横浜元町を拠点に、かつて「ココ山岡」というダイヤモンド販売店がありました。
テレビ番組とのタイアップで全国的に知名度を上げ、この業界ではよく知られる存在でしたが、当初から強引なキャッチセールスで業績を伸ばしていたことがわかっています。

その方法というのが、「5年後買い戻し商法」です。
「必ず値上がりする」、「絶対儲かる」などの現在では法律で禁止されている謳い文句で、独身男性をターゲットに「買ってくれたら、5年後に今払った金額と同じ値段で買い取るから」と言って、安物のダイヤを高級ダイヤかのように見せかけて売りつけました。

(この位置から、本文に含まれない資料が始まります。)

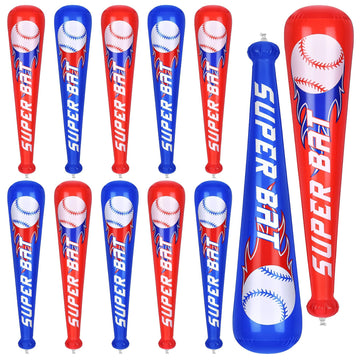 durony 12 Pieces Baseball Bat Inflates 22 Inch Inflatable Baseball Inflates  Baseball Party Supplies  Sports Theme Toy  Birthday Party Decorations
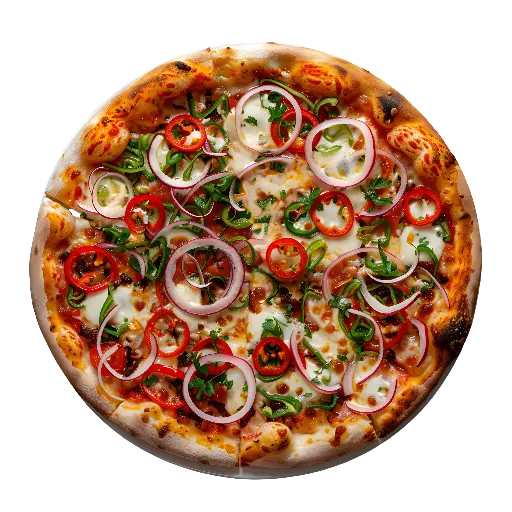 Onion Pizza (Onion, Capsicum) [Small]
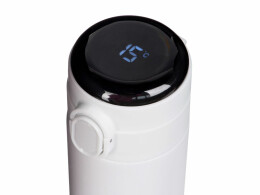 Waterline Вакуумная термокружка Waterline с медной изоляцией «Bravo», 400 мл, тубус, белый (Р)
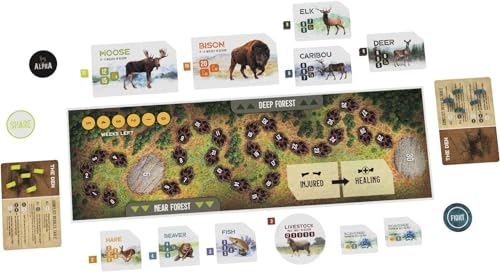 The Alpha juego de mesa estrategia para 3-6 jugadores miniatura 3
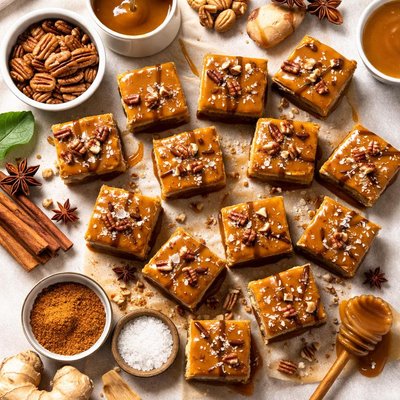 Image of Spiced Ginger Caramel Bites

そうやって業績を伸ばしたココ山岡ですが、徐々にほころびが生じていき、1997年には自己破産を申し立てることになります。
すぐに破産宣告が下され、全国に展開していた100店舗近くがすべて閉鎖しました。
最終的な負債はおよそ526億円になると言われています。

ココ山岡事件の顛末

ココ山岡が狙ったのは、ふだん宝石などと縁のなさそうな独身男性です。
女性社員を使って声をかけ、言葉巧みにダイヤモンドを買わせようとします。
「結婚の際に男性から女性にダイヤモンドを贈るのがマナーだから」といった文句で購入を促していたようです。

それだけでなく、購入者には特約が付けられました。
それが「5年後買い戻し商法」と言われる独自のやり口です。
これは5年後に当初の販売価格と同じ値段でココ山岡が買い戻すという内容で、その特約に釣られて多くの男性がダイヤモンドを購入しました。

購入者に損のなさそうな特約ですが、実際にはさまざまな制約があります。
また、販売した宝石の相場が今後も上がることがこの特約が成立する前提ですが、実際はバブル崩壊後の不況を受けて相場はだんだん下がっていっていました。
加えてココ山岡の鑑定というのが、実際は子会社が独自に鑑定したもので、一般的な鑑定結果とはかけ離れていたという問題もありました。

このように問題を抱えた商法を続けた挙げ句、ココ山岡は1997年に自己破産となります。
経営難とわかっていながら悪質な商売を続けたということで、関係者は詐欺罪に問われ、実刑判決を受けることになりました。

刑事事件としては上記のように結審したのですが、多数の消費者はクズダイヤのみを手元にローンだけ残るという結果になりました。
そのため全国各地で弁護団が結成され、民事裁判を行います。
最終的には、信販会社が既払い金の返還に応じることになり、全国にいる被害者に均等に分配されるという形で終結しました。

このように、ココ山岡事件とは、バブルの時代を象徴するような強引な悪徳商法の典型です。
会社の存在は消滅しても、その名前は歴史に残り続けるでしょう。